Monday, February 15, 2016

The First Four


Today is the day that some of us get to stay home from work or school because -- presidents.

Given the impracticality of giving people the day off for both George Washington's birthday and Abraham Lincoln's birthday, the holiday bureau, or whomever makes these decisions, combined them into a single "President's Day" holiday.

To be honest, I don't think too many of us sit around pondering past presidents all day. No doubt we're too busy resisting the urge to take advantage of the great sale prices at our local Buick dealership.

But it is worth a ponder, especially when the question of who will be the next president looms so large on our consciousness.

It seems reasonable on President's Day to look at the question of the next president within the framework of past presidents, good and bad.

Who were the best presidents? Why are they favored and what characteristics did
they have that we would like to see in the next president?

Is it Teddy Roosevelt's muscular leadership style?

Wilson's idealism, the dichotomy of an unwavering belief in world peace contained within the frame of an unapologetic racist?

Is it Kennedy's particular blend of inspiration, pragmatism and a history scrubbed clean by tragedy?

Although they all brought unique qualities to the office, so much of what it means to be president can be found among the first few.

Consider that the "father of the Constitution," James Madison, conceived of the presidency mostly as a kind of clerkship, carrying out the wishes of the legislature, which he, veteran of many state legislatures that he was, considered to be the supreme representation of the will of the people.

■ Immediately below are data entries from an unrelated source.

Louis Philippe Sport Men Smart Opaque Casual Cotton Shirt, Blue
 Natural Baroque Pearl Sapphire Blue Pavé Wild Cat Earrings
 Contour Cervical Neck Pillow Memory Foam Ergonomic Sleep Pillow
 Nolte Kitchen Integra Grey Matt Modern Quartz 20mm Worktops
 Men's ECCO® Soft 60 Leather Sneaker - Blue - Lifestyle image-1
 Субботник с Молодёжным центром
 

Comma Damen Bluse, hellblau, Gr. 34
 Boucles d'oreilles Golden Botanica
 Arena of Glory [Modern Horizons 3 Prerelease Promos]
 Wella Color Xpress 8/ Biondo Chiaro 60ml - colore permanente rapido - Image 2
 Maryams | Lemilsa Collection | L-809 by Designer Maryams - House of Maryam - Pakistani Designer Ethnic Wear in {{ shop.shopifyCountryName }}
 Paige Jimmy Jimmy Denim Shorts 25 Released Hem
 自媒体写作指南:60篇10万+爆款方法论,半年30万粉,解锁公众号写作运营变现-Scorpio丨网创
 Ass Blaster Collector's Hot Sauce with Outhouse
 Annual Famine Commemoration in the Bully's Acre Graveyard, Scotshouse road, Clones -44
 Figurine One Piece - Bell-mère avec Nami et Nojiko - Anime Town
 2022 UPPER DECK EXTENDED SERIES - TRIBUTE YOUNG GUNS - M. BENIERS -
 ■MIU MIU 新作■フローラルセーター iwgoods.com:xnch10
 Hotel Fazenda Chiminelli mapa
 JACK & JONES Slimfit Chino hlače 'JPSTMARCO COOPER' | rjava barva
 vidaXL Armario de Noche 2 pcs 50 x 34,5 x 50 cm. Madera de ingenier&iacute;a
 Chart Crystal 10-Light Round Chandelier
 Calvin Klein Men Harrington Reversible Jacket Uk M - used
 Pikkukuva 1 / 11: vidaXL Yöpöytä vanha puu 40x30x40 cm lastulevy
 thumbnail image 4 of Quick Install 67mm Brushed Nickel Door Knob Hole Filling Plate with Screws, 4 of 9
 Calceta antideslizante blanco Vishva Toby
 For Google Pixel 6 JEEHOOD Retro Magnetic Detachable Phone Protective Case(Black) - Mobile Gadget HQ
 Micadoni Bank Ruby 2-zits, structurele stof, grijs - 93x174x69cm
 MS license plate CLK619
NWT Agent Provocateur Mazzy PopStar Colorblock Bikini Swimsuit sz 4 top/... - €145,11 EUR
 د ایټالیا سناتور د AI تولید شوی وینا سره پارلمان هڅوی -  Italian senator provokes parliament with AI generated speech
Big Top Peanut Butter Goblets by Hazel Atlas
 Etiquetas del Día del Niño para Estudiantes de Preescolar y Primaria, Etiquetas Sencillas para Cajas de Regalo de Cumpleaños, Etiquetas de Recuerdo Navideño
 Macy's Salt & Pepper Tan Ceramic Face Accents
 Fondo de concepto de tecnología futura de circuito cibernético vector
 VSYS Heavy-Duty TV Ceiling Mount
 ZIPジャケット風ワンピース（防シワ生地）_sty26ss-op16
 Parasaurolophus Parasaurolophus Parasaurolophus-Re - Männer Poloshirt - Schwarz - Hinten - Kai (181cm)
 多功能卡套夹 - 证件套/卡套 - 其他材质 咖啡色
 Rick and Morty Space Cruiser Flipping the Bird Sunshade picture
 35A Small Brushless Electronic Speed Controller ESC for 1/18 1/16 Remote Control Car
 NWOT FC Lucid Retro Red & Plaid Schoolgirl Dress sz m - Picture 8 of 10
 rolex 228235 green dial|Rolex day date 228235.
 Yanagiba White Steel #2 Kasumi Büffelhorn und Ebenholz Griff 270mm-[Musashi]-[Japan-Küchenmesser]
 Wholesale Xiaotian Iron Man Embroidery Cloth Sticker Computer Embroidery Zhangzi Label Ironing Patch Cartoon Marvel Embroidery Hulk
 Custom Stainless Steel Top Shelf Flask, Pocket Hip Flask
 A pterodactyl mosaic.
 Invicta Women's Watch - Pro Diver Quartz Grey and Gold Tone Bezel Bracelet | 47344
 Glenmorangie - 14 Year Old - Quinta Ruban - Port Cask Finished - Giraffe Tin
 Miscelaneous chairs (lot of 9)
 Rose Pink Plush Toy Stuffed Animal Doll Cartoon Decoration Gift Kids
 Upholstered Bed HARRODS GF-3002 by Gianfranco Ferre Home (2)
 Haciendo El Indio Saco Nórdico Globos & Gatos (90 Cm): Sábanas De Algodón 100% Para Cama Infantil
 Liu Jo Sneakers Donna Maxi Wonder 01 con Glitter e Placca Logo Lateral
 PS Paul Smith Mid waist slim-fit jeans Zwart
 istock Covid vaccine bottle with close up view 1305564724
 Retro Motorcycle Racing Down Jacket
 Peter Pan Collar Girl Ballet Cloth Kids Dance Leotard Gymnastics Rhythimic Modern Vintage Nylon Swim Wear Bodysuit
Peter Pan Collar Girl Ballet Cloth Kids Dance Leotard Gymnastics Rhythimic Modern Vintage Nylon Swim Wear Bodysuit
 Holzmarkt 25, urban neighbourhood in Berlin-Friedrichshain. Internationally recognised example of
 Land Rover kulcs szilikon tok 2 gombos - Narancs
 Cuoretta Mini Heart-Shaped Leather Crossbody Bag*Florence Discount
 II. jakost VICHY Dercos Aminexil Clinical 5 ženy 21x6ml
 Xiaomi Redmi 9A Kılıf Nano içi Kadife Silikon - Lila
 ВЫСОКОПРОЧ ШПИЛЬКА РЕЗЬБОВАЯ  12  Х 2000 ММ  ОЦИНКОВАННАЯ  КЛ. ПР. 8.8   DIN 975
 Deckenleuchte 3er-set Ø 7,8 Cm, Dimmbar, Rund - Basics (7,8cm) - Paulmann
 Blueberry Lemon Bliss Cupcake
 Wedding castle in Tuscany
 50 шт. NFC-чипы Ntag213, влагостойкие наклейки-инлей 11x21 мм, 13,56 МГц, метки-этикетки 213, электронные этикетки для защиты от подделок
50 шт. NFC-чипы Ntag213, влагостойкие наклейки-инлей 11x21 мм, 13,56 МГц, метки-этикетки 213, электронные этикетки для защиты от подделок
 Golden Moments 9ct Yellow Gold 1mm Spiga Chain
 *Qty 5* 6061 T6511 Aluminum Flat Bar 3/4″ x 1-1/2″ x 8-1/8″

But almost from the beginning, the chief executive's post captured the imagination of the electorate and the post, for better or worse, has come to epitomize the America of each president's time.

Ray Raphael convincingly argues in his book "Founding Myths" that this should not be so.

American history is so much more than a list of presidents, he writes.

The United States came about, Raphael says, not just because of the actions of great men, but, more importantly, by the collected actions of thousands of unnamed patriots.

Raphael writes that those leaders whose names now echo through the history books, sometimes falsely, were merely following the trends of history and the will of a people bent of self-governing; and that the study of American history these days suffers from a kind of "presidential chic."

He is essentially right, but its hard to write a history of everybody.

Regardless of the arguments to the contrary presidents have, from the beginning, symbolized their times and the nation they led, for better or worse.

And when it comes to making the most of symbolism, few compare to our first president.

George Washington may not have been the most lettered of the founders, but his
desire to be considered a gentleman fed a deeper understanding of symbolism, and of appearances than perhaps his more well-read patriots could appreciate.

Ben Franklin once quipped that left to their own devices a roomful of men would inevitably elect the tallest of them as their leader.

This was certainly true of Washington.

But luckily for us, this was his particular genius and he more than any other understood that everything he did would be precedent-setting -- everything from policy to protocol.

Few people held in awe by their contemporaries felt the weight of that responsibility more keenly and, as a result, considered every action a careful balance between preserving the prestige he required to lead the country, and what was best for that country in the long-term.

Consider that when Washington set out to visit every state, he was would usually
stop a mile or so outside of every town, climb out of his carriage and up onto his white charger and ride in ahead of his baggage train, the way the people would expect a military hero to do.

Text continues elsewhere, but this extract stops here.